Current is 1:2.5+dfsg-5ubuntu10.16, and while there is a security update for 1:2.5+dfsg-5ubuntu10.17 incoming we can - as discussed - test from a ppa.

To stay ahead of the soon to be expected 1:2.5+dfsg-5ubuntu10.17 I'll call mine 1:2.5+dfsg-5ubuntu10.18~ppa1 (actually skipping 17 for now so you stay ahead in testing).

@Yasmins - actually your email address to be correctly referred to in headers/changelog would be nice - so far I go with (IBM) as an address :-)

The proposed fix is now building in [1] and should be available in ~1h.
@Po-Hsu and Yasmins: please check this ppa build with your tests. If they are good and my regression tests pass as well we are as prepared as we can be to fix this when the security update is complete.

[1]: https://launchpad.net/~ci-train-ppa-service/+archive/ubuntu/3120

description: updated

Prepped SRU template here in the bug, also the builds in the ppa are complete.

Tested this new build and they're good. You can use my IBM email address that's fine :-)

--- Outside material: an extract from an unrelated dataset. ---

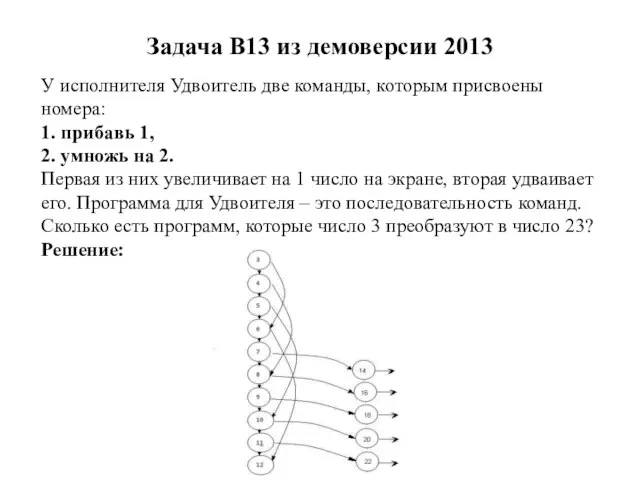 Задача B13 из демоверсии 2013 У исполнителя Удвоитель две команды, которым присвоены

Also passed all regression tests on ppc without a hickup.
Other than waiting for the security update to pass we are ready.

I refreshed the tested changes on top of the security update and pushed it for SRU review into Xenial.

Changed in qemu (Ubuntu Xenial):
status: Triaged → In Progress

Waiting for the SRU Team to ack it into x-proposed now

Hello Po-Hsu, or anyone else affected,

Accepted qemu into xenial-proposed. The package will build now and be available at https://launchpad.net/ubuntu/+source/qemu/1:2.5+dfsg-5ubuntu10.21 in a few hours, and then in the -proposed repository.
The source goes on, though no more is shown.